As is so often the case, DesheShai's mistake comes down to not having precisely defined terminology. Instead of using terms like "block time" and "stall time", let's be more explicit. Here is a timeline of the relevant block actions in Kadena's network:
...time passes (call this "period A" which is T2-T1
seconds long)
...time passes (call this "period B" which is T3-T2
seconds long)
DesheShai's analysis was operating under the assumption that the time duration T3-T2 has an Exp(30) distribution (it's an exponential distribution with mean 30). He straight-up says it here.

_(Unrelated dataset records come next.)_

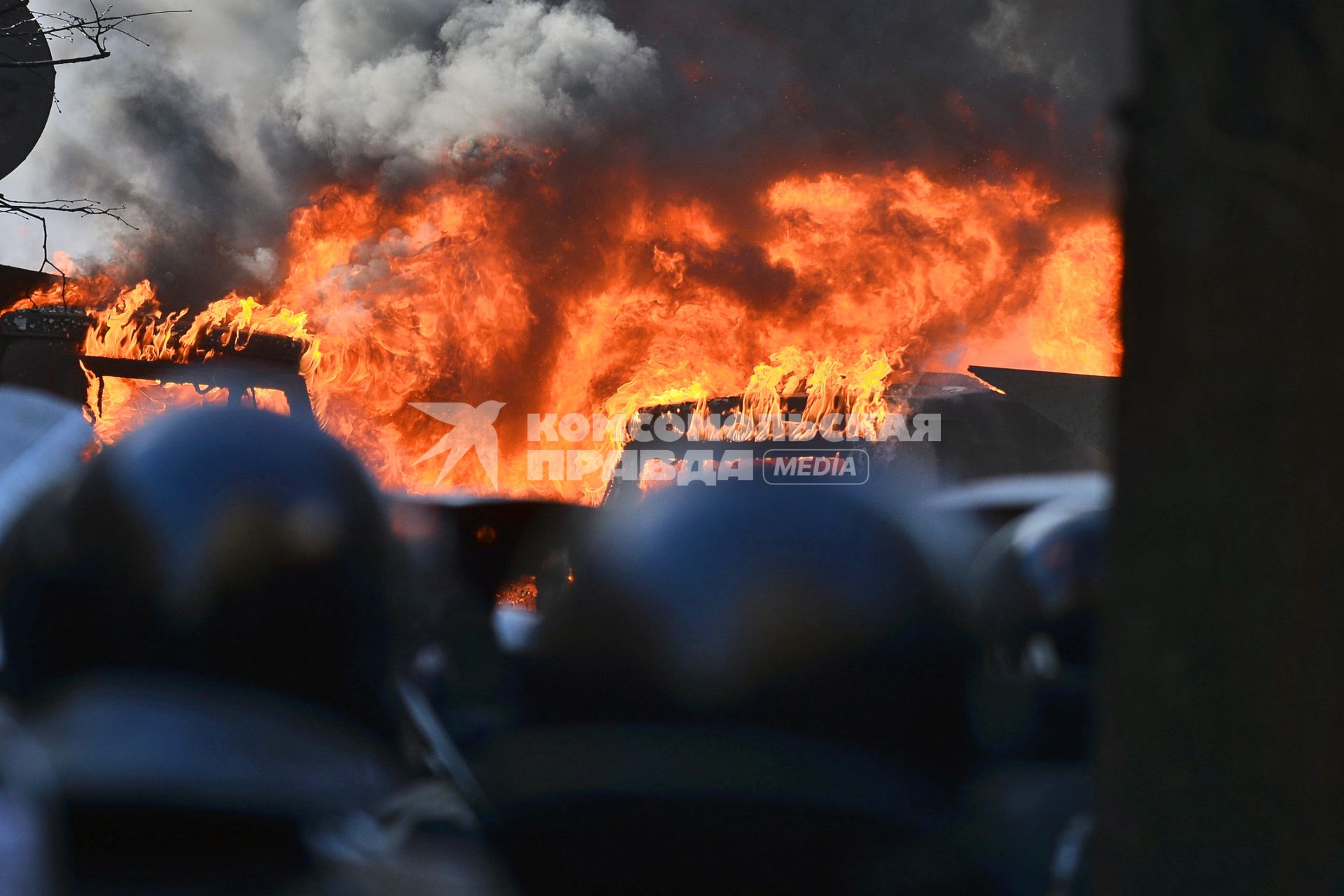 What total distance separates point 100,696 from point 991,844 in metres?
1.97

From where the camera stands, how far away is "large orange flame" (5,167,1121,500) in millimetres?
15727

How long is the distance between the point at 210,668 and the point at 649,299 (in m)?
16.1

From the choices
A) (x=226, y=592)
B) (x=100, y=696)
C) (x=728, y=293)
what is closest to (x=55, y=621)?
(x=100, y=696)

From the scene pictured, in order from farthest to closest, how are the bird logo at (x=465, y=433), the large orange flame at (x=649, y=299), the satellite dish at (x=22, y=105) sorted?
the bird logo at (x=465, y=433) → the large orange flame at (x=649, y=299) → the satellite dish at (x=22, y=105)

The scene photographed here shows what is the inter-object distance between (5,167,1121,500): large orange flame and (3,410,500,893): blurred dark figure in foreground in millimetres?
10819

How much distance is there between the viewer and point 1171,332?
131 cm

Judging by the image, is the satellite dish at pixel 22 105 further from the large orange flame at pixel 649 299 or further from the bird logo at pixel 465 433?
the bird logo at pixel 465 433

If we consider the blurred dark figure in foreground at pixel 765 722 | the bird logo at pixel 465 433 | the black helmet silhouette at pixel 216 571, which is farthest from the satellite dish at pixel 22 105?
the bird logo at pixel 465 433

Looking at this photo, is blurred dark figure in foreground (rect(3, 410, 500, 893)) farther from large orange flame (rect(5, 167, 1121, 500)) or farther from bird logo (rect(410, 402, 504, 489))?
bird logo (rect(410, 402, 504, 489))

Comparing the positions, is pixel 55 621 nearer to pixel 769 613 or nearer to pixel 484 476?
Answer: pixel 769 613

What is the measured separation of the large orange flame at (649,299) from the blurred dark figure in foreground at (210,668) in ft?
35.5

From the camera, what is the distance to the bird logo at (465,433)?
60.6ft

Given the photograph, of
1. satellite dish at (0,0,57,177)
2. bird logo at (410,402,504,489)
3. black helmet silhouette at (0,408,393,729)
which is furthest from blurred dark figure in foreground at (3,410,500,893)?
bird logo at (410,402,504,489)

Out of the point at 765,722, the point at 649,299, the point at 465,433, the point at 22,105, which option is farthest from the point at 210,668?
the point at 465,433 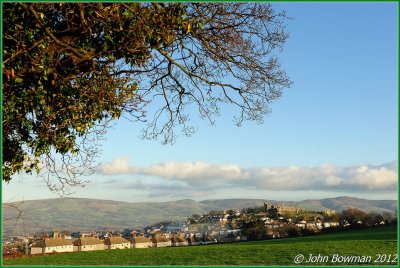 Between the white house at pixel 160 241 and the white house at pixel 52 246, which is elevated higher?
the white house at pixel 52 246

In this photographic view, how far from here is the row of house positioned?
28941 millimetres

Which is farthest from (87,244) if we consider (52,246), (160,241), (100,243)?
(160,241)

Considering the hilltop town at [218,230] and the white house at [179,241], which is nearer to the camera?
the hilltop town at [218,230]

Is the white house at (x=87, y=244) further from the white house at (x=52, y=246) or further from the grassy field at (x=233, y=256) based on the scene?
the grassy field at (x=233, y=256)

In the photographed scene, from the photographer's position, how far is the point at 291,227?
4619 centimetres

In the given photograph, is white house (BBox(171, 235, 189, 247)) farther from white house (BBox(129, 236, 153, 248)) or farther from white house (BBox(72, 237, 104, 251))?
white house (BBox(72, 237, 104, 251))

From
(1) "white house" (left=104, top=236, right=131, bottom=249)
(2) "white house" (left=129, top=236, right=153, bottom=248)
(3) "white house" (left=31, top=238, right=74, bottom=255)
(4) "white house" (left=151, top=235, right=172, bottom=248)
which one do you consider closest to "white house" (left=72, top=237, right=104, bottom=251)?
(1) "white house" (left=104, top=236, right=131, bottom=249)

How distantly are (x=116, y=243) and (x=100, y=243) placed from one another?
1.15 metres

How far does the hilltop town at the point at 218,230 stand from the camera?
32.1 m

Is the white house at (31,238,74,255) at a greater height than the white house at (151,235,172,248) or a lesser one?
greater

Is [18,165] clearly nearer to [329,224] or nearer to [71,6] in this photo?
[71,6]

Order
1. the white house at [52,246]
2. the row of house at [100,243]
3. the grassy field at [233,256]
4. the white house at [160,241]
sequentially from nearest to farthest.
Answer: the grassy field at [233,256] → the white house at [52,246] → the row of house at [100,243] → the white house at [160,241]

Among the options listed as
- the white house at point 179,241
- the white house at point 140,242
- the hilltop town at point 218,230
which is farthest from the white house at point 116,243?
the white house at point 179,241

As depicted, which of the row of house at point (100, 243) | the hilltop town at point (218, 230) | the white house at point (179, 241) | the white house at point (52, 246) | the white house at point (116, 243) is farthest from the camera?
the white house at point (179, 241) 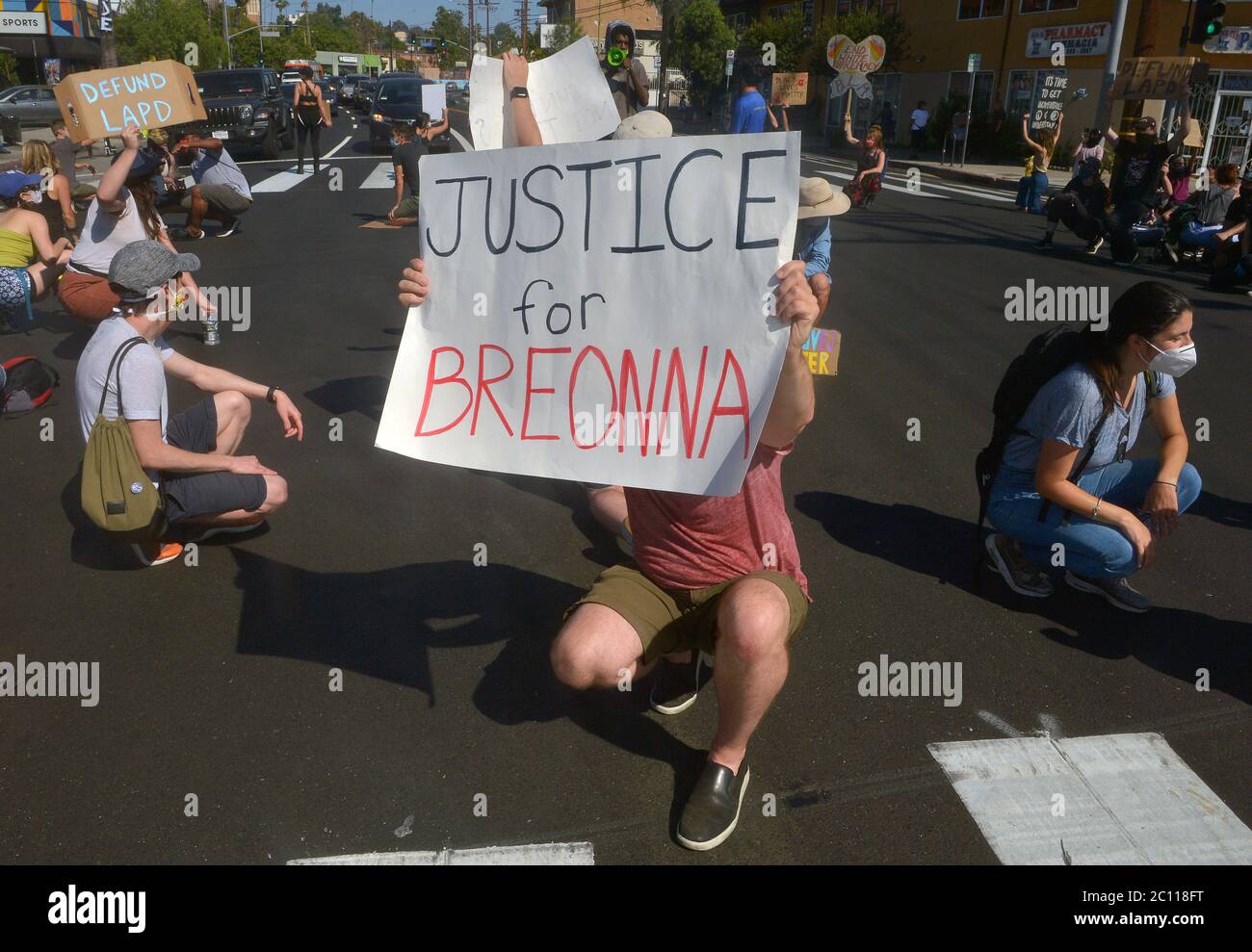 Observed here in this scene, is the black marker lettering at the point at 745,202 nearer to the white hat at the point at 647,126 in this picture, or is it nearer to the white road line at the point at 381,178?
the white hat at the point at 647,126

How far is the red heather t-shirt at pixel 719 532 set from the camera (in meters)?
2.90

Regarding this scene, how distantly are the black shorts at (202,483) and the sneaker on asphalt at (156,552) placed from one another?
222 millimetres

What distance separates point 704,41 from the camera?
4728 centimetres

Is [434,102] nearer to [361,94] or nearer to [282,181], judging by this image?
[282,181]

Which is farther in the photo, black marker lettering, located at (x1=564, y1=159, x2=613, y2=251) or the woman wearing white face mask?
the woman wearing white face mask

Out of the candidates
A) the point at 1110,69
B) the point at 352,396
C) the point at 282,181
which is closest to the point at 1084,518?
the point at 352,396

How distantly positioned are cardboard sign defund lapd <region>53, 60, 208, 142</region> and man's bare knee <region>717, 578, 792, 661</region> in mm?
6895

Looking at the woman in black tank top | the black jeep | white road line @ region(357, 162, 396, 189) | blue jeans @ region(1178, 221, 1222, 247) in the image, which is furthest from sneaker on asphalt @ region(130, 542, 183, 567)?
the black jeep

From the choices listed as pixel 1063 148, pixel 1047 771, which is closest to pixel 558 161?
pixel 1047 771

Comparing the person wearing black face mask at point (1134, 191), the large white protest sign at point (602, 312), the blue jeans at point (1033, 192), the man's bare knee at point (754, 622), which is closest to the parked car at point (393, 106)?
the blue jeans at point (1033, 192)

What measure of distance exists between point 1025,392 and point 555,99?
2.24m

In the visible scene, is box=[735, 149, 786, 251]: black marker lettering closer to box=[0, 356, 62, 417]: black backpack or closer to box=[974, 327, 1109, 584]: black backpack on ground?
box=[974, 327, 1109, 584]: black backpack on ground

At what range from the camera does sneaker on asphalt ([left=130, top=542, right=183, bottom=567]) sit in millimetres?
4344

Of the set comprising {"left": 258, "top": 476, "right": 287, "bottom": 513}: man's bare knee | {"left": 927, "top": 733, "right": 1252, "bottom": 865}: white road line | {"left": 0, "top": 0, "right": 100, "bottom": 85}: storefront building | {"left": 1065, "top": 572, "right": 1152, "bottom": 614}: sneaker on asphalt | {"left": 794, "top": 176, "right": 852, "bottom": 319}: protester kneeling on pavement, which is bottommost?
{"left": 927, "top": 733, "right": 1252, "bottom": 865}: white road line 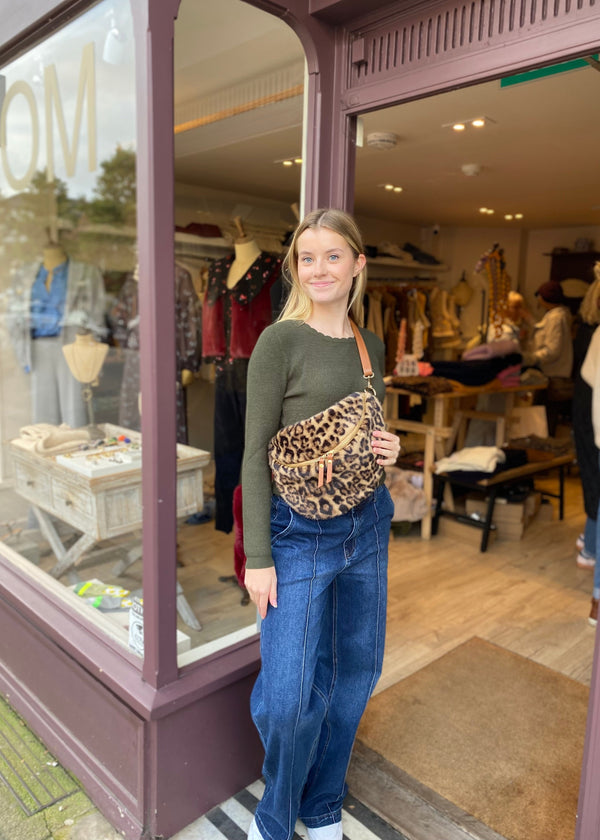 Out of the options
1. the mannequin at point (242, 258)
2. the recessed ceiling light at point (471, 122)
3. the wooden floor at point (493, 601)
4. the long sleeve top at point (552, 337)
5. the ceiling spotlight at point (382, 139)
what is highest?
the recessed ceiling light at point (471, 122)

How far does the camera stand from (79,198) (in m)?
3.73

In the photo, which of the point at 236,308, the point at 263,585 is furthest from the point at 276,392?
the point at 236,308

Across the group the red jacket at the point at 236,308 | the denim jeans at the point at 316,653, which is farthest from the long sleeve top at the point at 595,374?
the denim jeans at the point at 316,653

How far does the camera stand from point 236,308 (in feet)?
8.39

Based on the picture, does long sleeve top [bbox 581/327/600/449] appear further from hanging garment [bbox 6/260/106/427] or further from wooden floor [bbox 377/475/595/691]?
hanging garment [bbox 6/260/106/427]

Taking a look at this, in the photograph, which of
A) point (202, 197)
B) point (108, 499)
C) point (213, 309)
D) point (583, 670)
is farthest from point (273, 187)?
point (583, 670)

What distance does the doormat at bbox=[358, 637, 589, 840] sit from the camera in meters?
1.92

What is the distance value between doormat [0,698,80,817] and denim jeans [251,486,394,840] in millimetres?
725

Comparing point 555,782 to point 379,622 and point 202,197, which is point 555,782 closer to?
point 379,622

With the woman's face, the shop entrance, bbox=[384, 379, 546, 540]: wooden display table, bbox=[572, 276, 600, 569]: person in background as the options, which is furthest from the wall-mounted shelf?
the woman's face

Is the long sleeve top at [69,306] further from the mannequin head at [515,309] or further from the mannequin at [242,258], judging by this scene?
the mannequin head at [515,309]

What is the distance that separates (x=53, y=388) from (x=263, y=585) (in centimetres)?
235

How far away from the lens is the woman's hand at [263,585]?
1450 millimetres

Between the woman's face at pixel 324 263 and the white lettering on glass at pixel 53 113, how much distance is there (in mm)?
1230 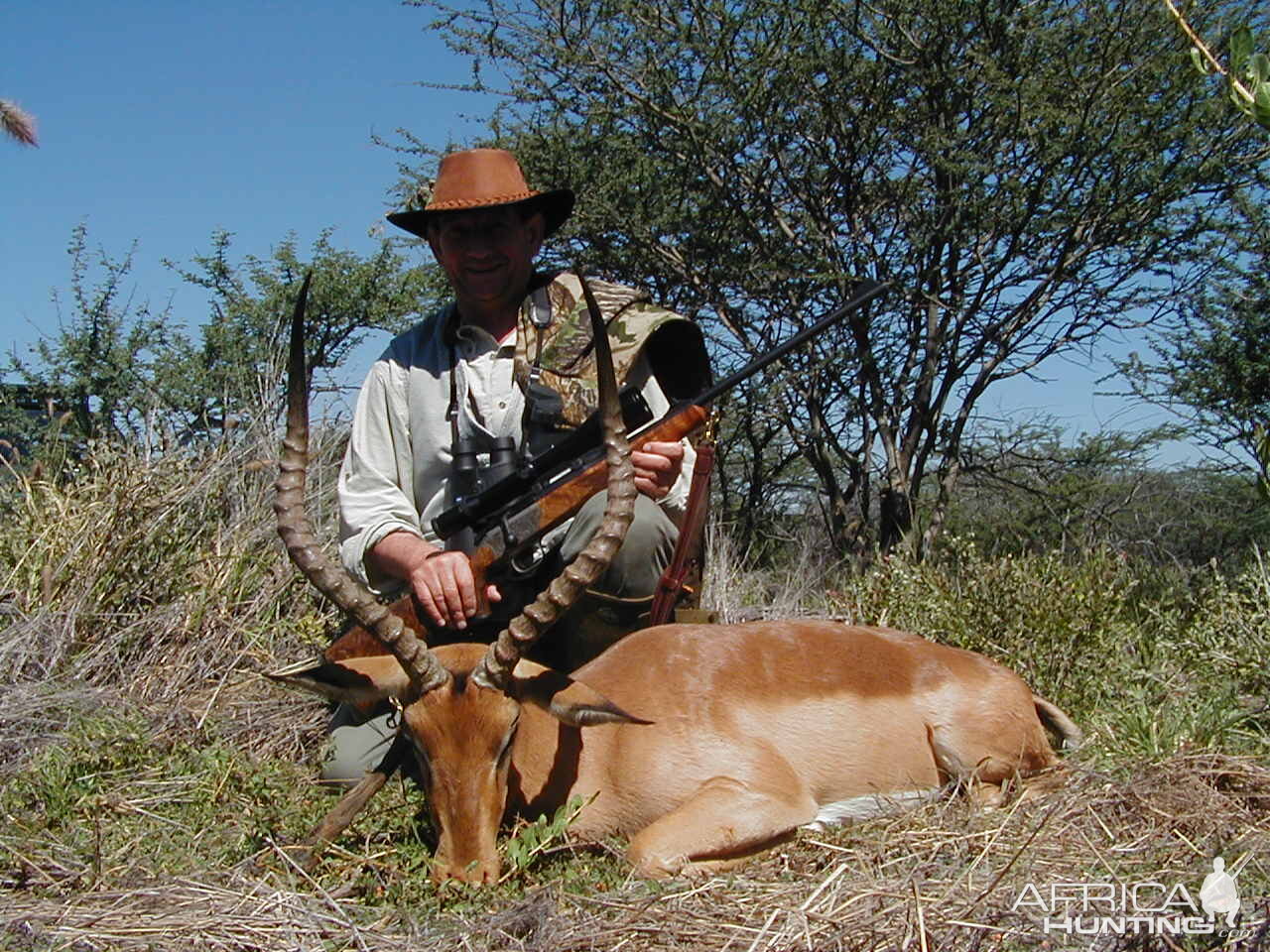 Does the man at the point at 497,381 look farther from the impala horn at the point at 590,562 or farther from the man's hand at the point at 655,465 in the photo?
the impala horn at the point at 590,562

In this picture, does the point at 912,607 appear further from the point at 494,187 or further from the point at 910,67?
the point at 910,67

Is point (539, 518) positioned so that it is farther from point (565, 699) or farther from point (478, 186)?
→ point (478, 186)

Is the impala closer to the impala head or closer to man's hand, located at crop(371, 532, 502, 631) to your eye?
the impala head

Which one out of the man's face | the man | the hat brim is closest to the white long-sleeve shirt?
the man

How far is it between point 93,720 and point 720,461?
20.8 feet

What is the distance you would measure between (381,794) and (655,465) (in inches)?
59.2

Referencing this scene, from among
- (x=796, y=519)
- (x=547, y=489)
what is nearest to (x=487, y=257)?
(x=547, y=489)

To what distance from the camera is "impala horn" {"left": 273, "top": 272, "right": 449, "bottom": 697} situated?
359cm

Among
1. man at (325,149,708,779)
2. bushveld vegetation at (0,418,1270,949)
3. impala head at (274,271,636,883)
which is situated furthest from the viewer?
man at (325,149,708,779)

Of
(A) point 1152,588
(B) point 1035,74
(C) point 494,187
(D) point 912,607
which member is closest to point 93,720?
(C) point 494,187

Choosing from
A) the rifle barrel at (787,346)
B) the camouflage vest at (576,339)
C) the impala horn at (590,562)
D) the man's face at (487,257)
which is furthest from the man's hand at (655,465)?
the man's face at (487,257)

He probably assumed this because the time between consecutive blocks in Bitcoin is exponentially distributed with a mean of ~10 minutes (source). However, he provided no proof that this assumption was valid for Kadena and did not check whether that assumption is confirmed by the actual blockchain data.
In fact, Kadena anticipated exactly the issue that DesheShai thought was there
and had already accounted for it. In my section 2
above I conclusively showed
that T3-T1
very consistently averages out to 30 seconds using very simple
calculations from Kadena's publicly available blockchain data. If the average
time difference between T3 and T1 is 30 seconds, then it stands to reason that
because T2-T1
is usually greater than 0, T3-T2
will have an
average that is less than 30 seconds, and I have already showed exactly that.
All of my above histograms were plotting T3-T2
and clearly show that. They
plotted T3-T2
for DesheShai's simulation and for Kadena's real blockchain
data.
I was focusing above on the nature of T3-T2
, but let's now take a look at
T3-T1
, the whole block time.
I have added an additional data file to this repo
data/t3-t1.csv. It contains all the values of T3-T1
for all
the block data in data/block-times-2023-01.csv
. (For more information about how
you can reconstruct or verify this data, see
verification.md.)
If DesheShai is right, the average of these values should be significantly greater than 30. We can calculate this with a very easy query:
$ duckdb -c "SELECT mean(t3_minus_t1) FROM 'data/t3-t1.csv'"
┌───────────────────┐
│ mean(t3_minus_t1) │
│ double │
├───────────────────┤
│ 30.00781449994891 │
└───────────────────┘
This confirms it. The mean of T3-T2
is not 30 seconds like DesheShai claims.
The mean of T3-T1
is. What's the mean of T3-T2
? We can look at that too:
$ duckdb -c "SELECT mean(period_B) FROM 'data/block-lifetimes.csv'"
┌───────────────────┐
│ mean(period_B) │
│ double │
├───────────────────┤
│ 16.13772480833479 │
└───────────────────┘
DesheShai, you've clearly lost this one. T3-T2
is not exponentially
distributed with a mean of 30. Be an honorable man, admit it, and pay what you
said you would. Either that or provide a verifiable data file like I have done
that has real Kadena blockchain data containing block heights, chain ids,
timestamps, and deltas that proves me wrong.